In the midst of a surging equity market, Apple and Goldman Sachs were developing a tool to facilitate seamless stock trading, as revealed by anonymous insiders close to the project. But, due to adverse market conditions, the initiative has been indefinitely postponed, CNBC reported on Sept. 20.
The report, which cited sources close to the discussions, said the app would make it easier for iPhone users with excess funds to invest in Apple shares.
According to the source, Apple initiated discussions with Goldman Sachs during the market frenzy of 2020. The two firms’ collaboration witnessed potential progress, and the initial plans aimed a launch in 2022. However, the project was reportedly put on hold last year due to economic circumstances.
Apple initially partnered with Goldman Sachs in 2019 to introduce a credit card with features including “no fees, daily cash back, and seamless integration into Apple’s mobile devices.”

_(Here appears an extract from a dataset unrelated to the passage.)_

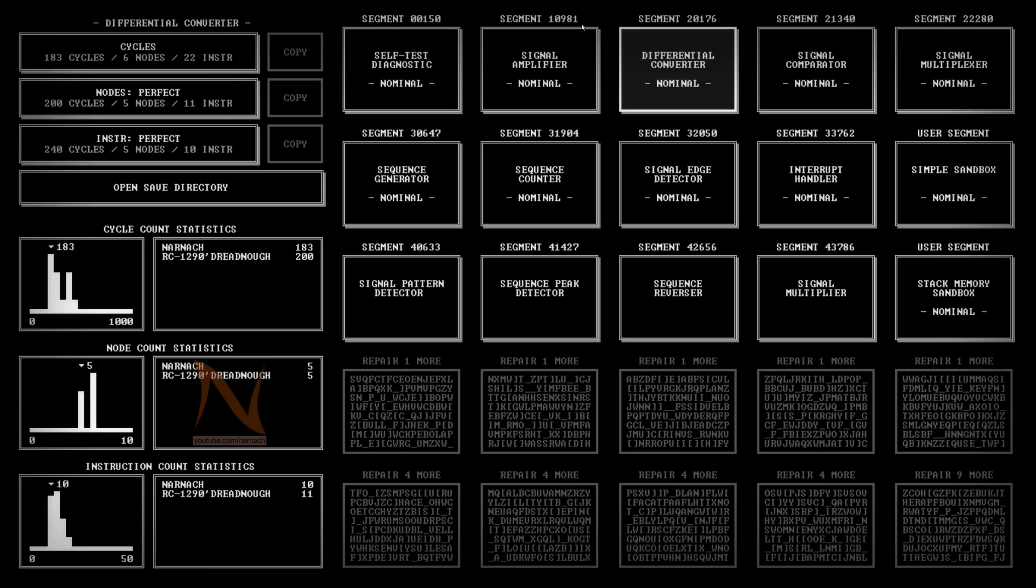After last episode I have been agonizing myself on how to further optimize the differential converter. And I have now managed to optimize 2 out of 3 metrics. We have perfect nodes, perfect instructions, and cycles is not good enough yet.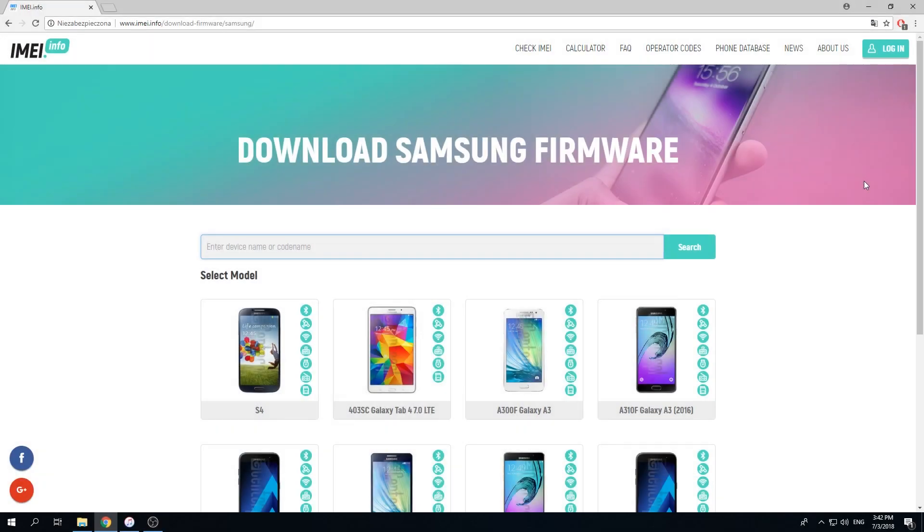In this video, let me show you how to download the latest version of the Samsung Galaxy S8 firmware. At the very beginning, let's enter the following website: imei.info/download/firmware/samsung. The link will be in the description under the video.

In March 2023, Apple introduced Apple Pay Later for Apple Pay users to split purchases into four payments with zero interest and no fees. The company uses Goldman Sachs Group Inc. as the lender for the loans needed for the installment offerings.
In April, the tech giant and the world’s second-biggest investment bank announced a high-yield savings account, offering a high-yield APY of 4.15%. Just last month, Apple announced that the savings account “has reached over $10 billion in deposits from users since launching in April.”
PayPal has also been actively considering options for enabling its users to engage in individual stock trading, as revealed by two individuals with knowledge of the company's strategy. As part of this expansion effort, PayPal has recruited an experienced professional from the brokerage industry to head a new division known as "Invest at PayPal," a segment of the payment company that has not been previously disclosed.
However, PayPal's stock experienced a decline in value following a discouraging earnings forecast in 2022. The payment firm has adjusted its profit expectations for 2022 and abandoned its previous year’s ambitious growth plan, announcing later that it would reduce expenditures and redirect its efforts toward its fundamental e-commerce operations.